Unsere Gefühle sind ein riesengroßes Geschenk. Sie spielen in unserem Leben eine viel größere Rolle, als wir meinen, auch dann, wenn wir sie verdrängen. Dann allerdings agieren sie eigenwillig und eigenständig und bestimmen erst recht unser Leben, tun damit genau das, was »Gefühlsgegner« so sehr als drohende Gefahr sehen. Inzwischen hat man herausgefunden, dass unsere Entscheidungen weitestgehend aufgrund von Gefühlen getroffen werden, und dass wir am ehesten die Ereignisse in Erinnerung behalten, die mit intensiven Gefühlen verknüpft sind. In manchen hitzigen Diskussionen, in denen die vermeintliche Sachlichkeit betont wird, sind so deutlich unterschwellige Emotionen spürbar, dass man meint, sie mit Händen greifen zu können.
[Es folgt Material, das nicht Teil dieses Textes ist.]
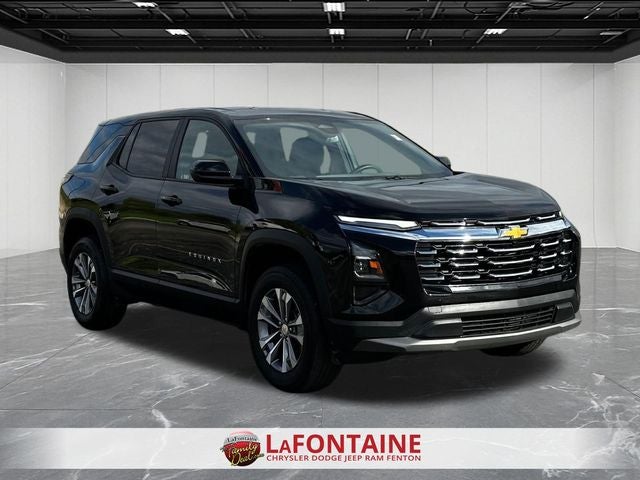 2025 Chevrolet Equinox FWD LT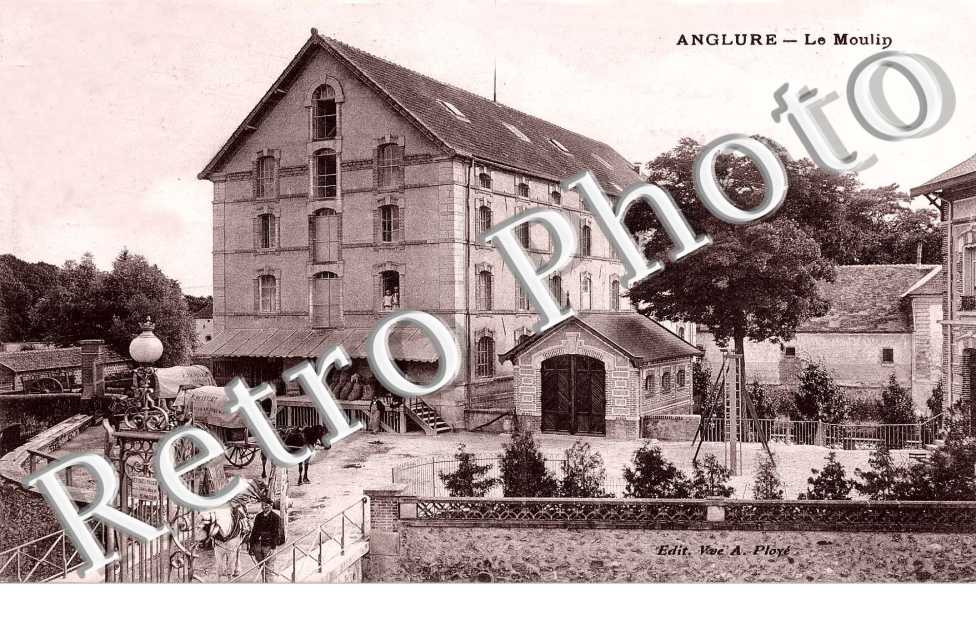 Le Moulin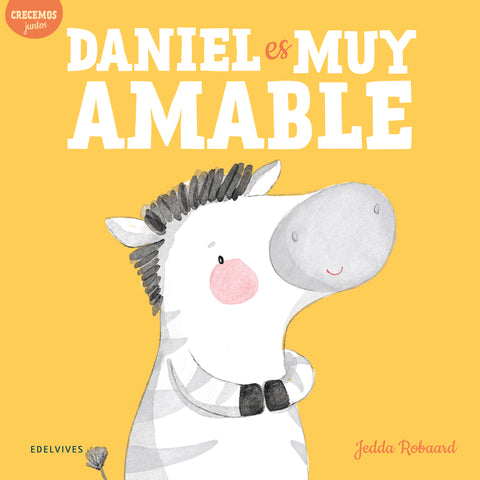  Daniel es muy amable 
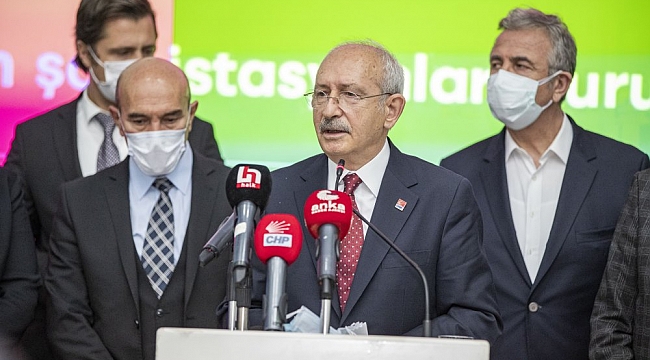 Deprem partili ayırt etmiyor!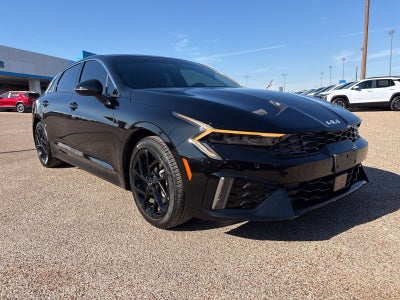 2026 Kia K5 GT-Line
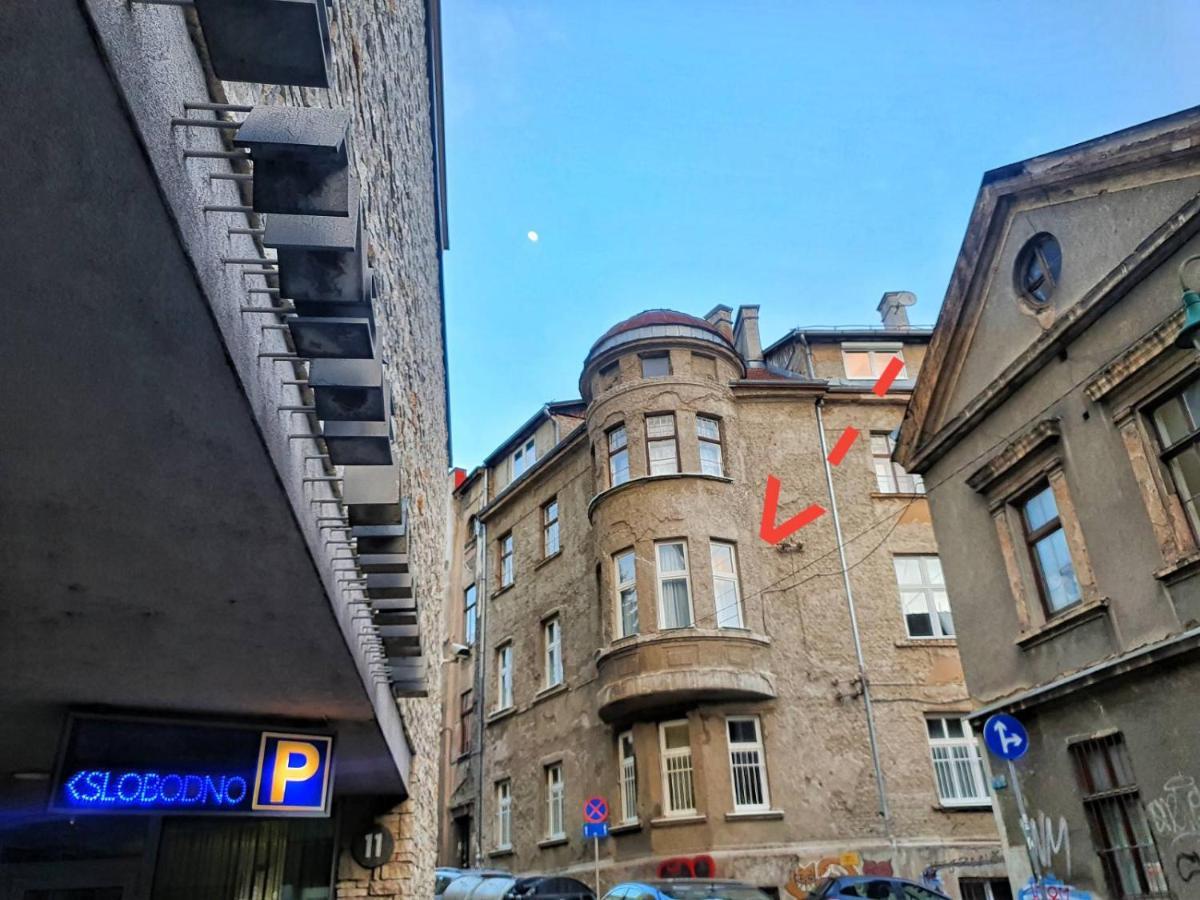 Sarajevo Sans modern Apartments Extérieur photo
Ich selbst war früher in jeglicher Vermeidungsstrategie sehr geübt, auch darin, Konflikten aus dem Weg zu gehen, wie im Gespräch mit diesem Pastor. Heute weiß ich, dass meine Konfliktscheue meine Angst vor Ablehnung zeigt. Streitkultur und Auseinandersetzungen auf Augenhöhe gab es in meiner Familie nicht. Verschiedener Meinung zu sein, war ja schon schlimm genug, aber streiten, sich argumentativ auseinandersetzen, dabei auch mal lauter werden, das erzeugte in mir immer ein schlechtes Gewissen, denn Einheit untereinander ist doch ein wichtiges Merkmal für Christen, wie die Bibel sagt (Johannes 17,20-21).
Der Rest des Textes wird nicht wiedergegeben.